The conclusion of this misguided guidance states, “ Judicial office holders who maintain blogs must adhere to this guidance and should remove any existing content which conflicts with it forthwith. Failure to do so could ultimately result in disciplinary action”. So this guidance is compulsory upon pain of disciplinary action. The last time I checked the definition of “guidance” in my 1982 copy of “The Oxford Combined Dictionary of Current English and Modern English Usage” it stated thus:-“directing principle”. Microsoft Word offers “leadership, direction, supervision, management, control, regulation”. It seems control and regulation are the Senior Presiding Judge`s interpretation.

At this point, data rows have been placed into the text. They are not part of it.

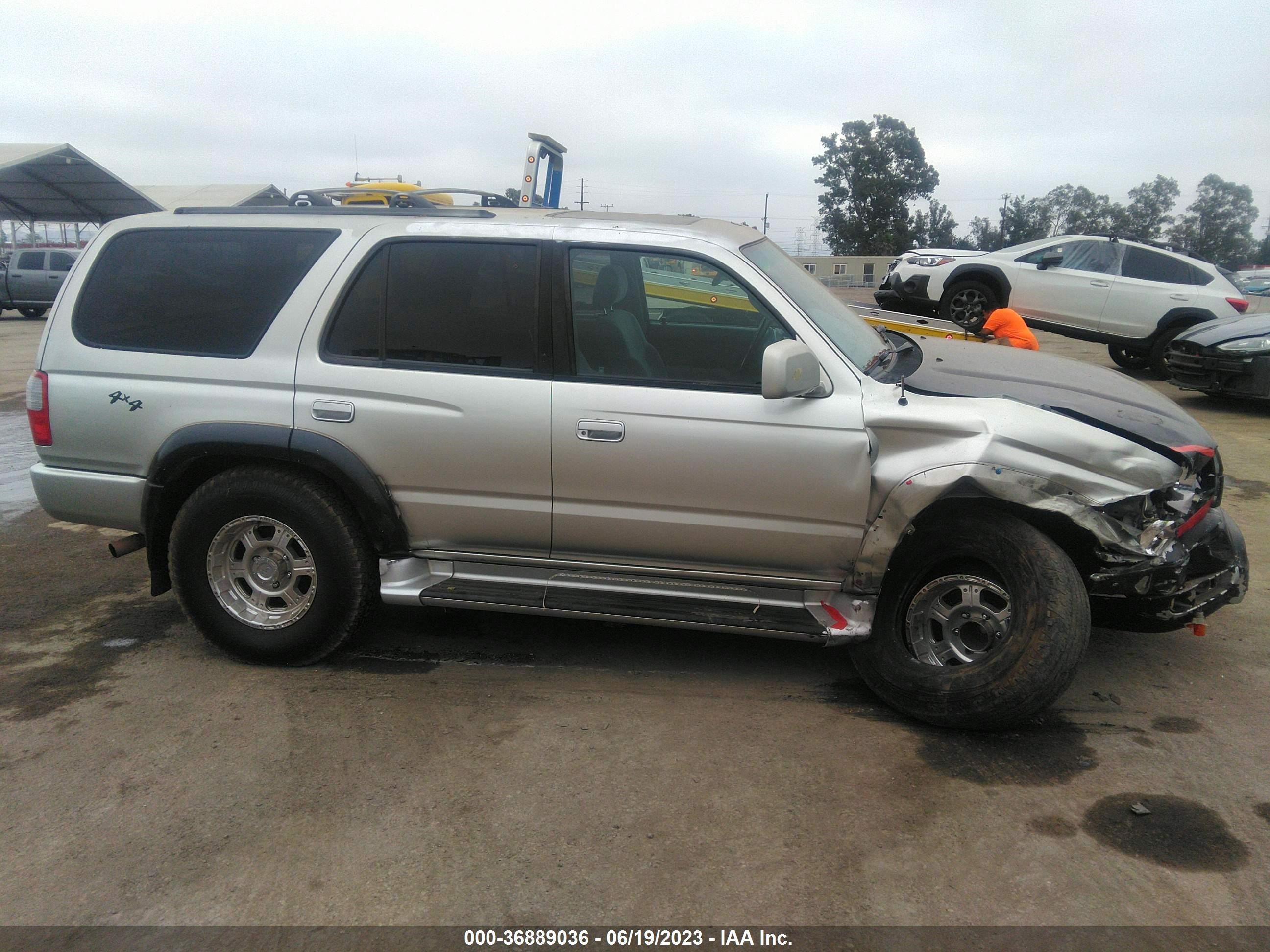 Photo 5 VIN: JT3GN86R7Y0145170 - TOYOTA 4RUNNER 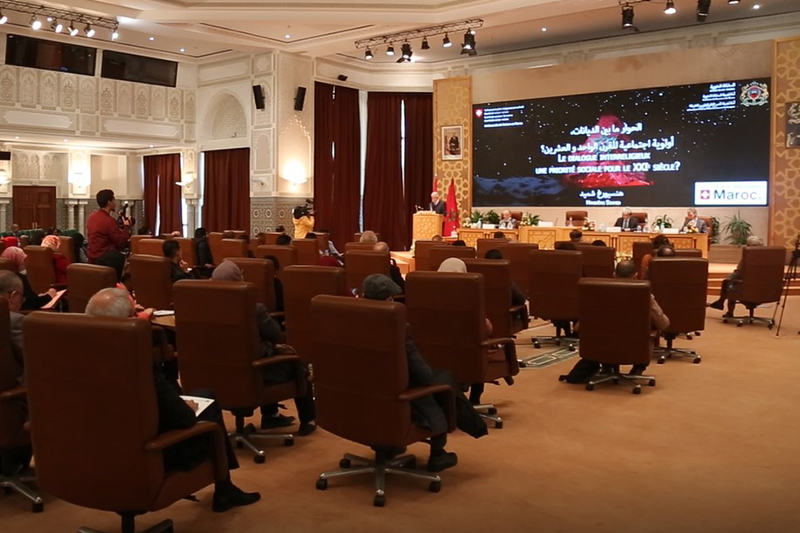 حوار الأديان بأكاديمية المملكة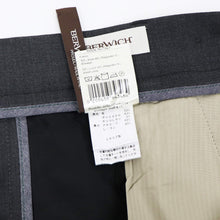 画像をギャラリービューアに読み込む, BERWICH(ベルウィッチ)BERTO / ベルト ウールストレッチ パンツ【ダークグレー】国内正規品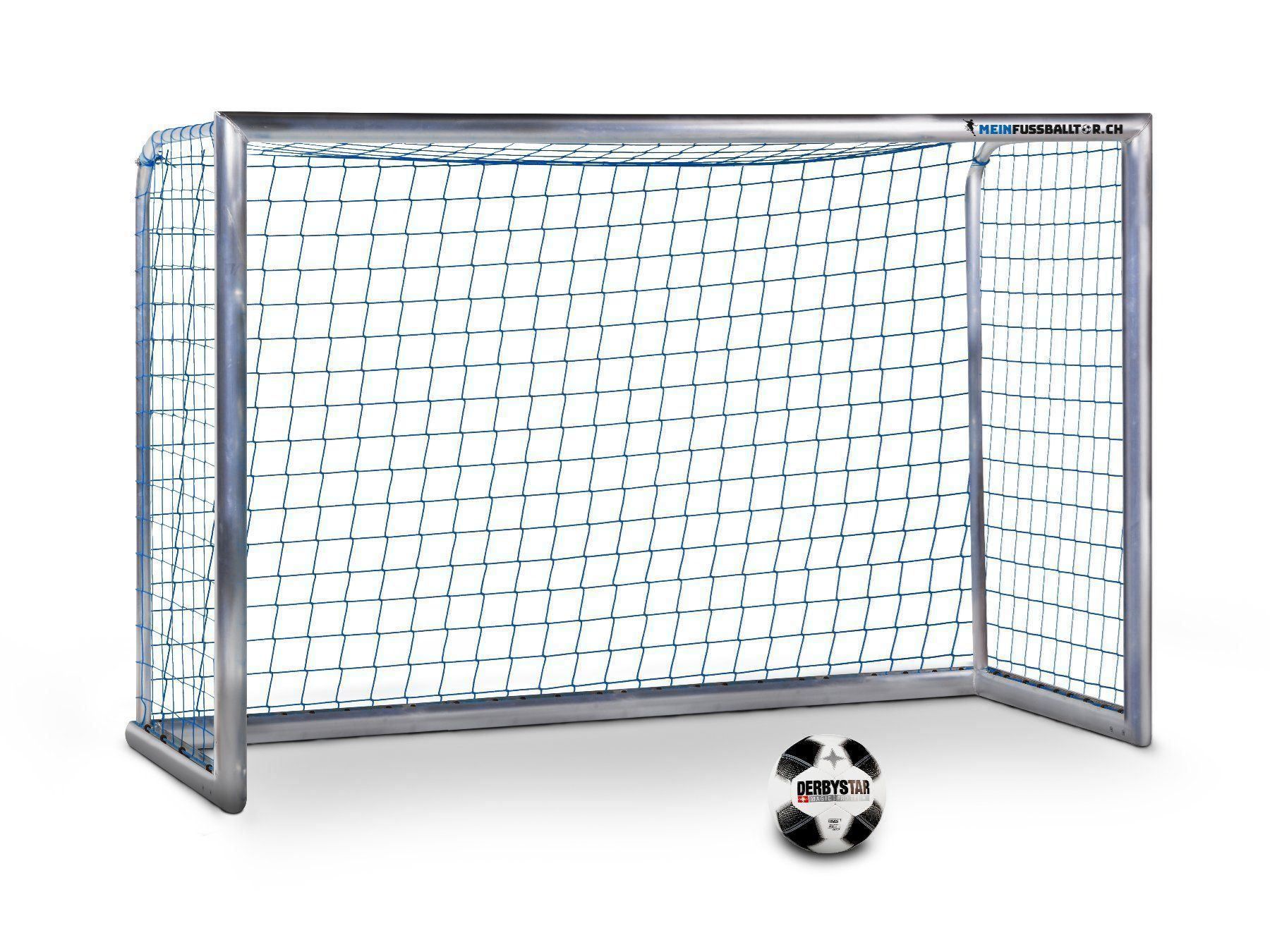 Porte da calcio e da hockey: Fussballtor Profi - Ovalprofil - Garten – Nuovo e nell'imballaggio originale da Sursee venduto da meinfussballtor 2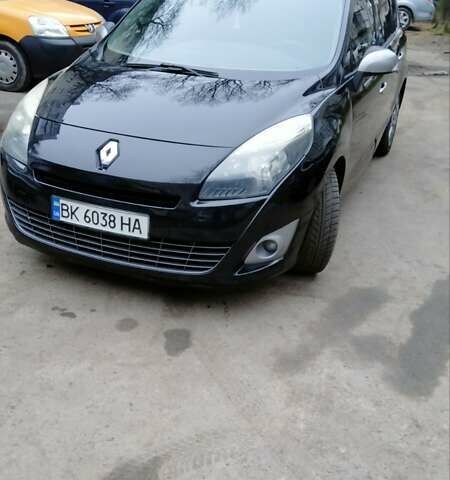 Черный Рено Сценик, объемом двигателя 1.46 л и пробегом 263 тыс. км за 7400 $, фото 1 на Automoto.ua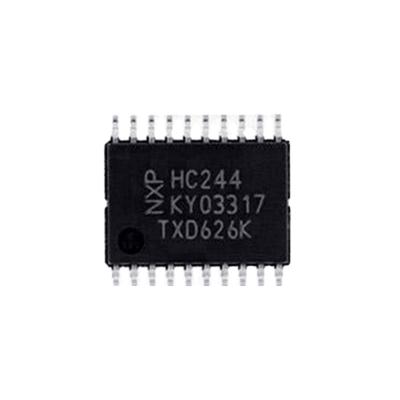 China 74HC244PW IC-Chips Integrierte Schaltungen Elektronische Komponenten HC244PW zu verkaufen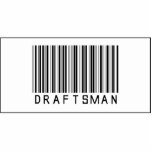 Barcode Draftsman Photo Sculpture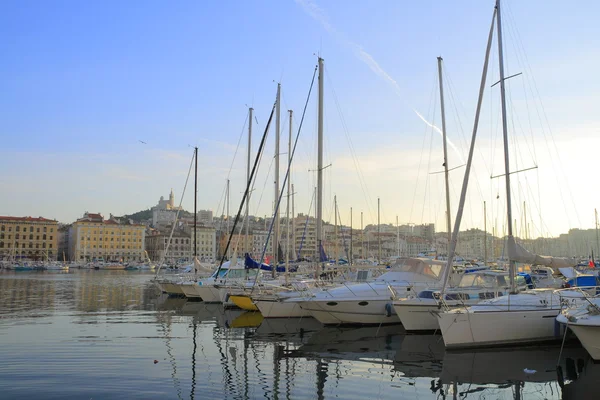 The old port of Marseille — Stock Photo, Image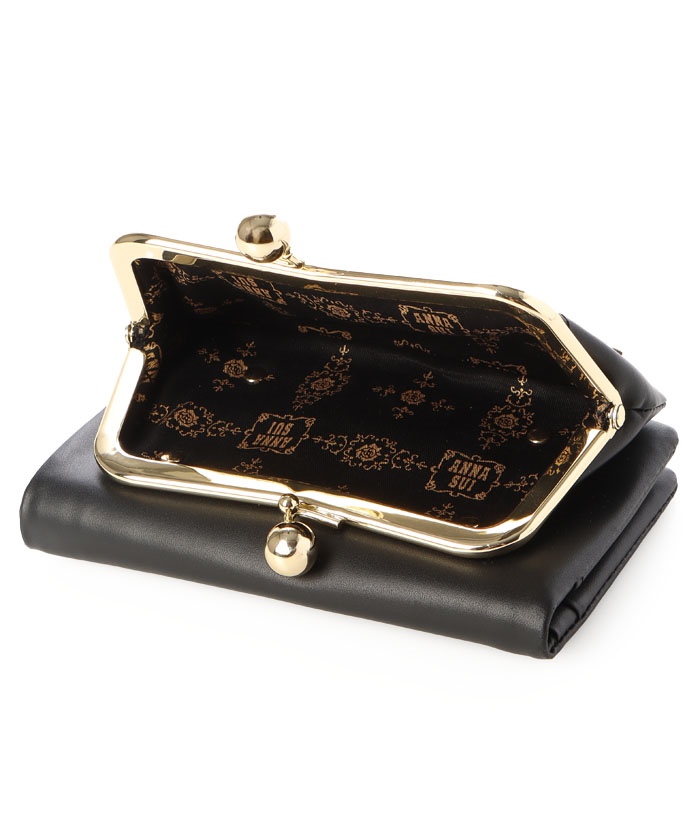 ルシィ 口金二つ折り財布 | アナスイ(ANNA SUI) | バッグ、財布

Unpaid and voluntary, Magistrates are not beholden to anybody except their employers or themselves to pay their mortgages and/or maintain their standard of living. They are however a very British hybrid: they are generally well versed in their own specialities from taxi driving to taxidermy. The vast majority within a relatively short time have shown their ability in adopting to a distinctly new function well policed by regulators. They are independent people who cannot be disciplined by threats based upon their financial well being. Thus the only disciplinary sanction available to the Office for Judicial Complaints the body through which any discipline would have to be applied would be removal from office. It is a moot point for those much more learned than I whether such a course would be lawful based on this guidance. I suppose time will tell.
According to a spokesman for the Judicial Office,
“The guidance was agreed by the Magistrates Liaison Group: chaired by the Deputy Senior Presiding Judge (Lord Justice Gross) and attended by the Chief Magistrate, the Magistrates Association and the National Bench Chairs Forum.”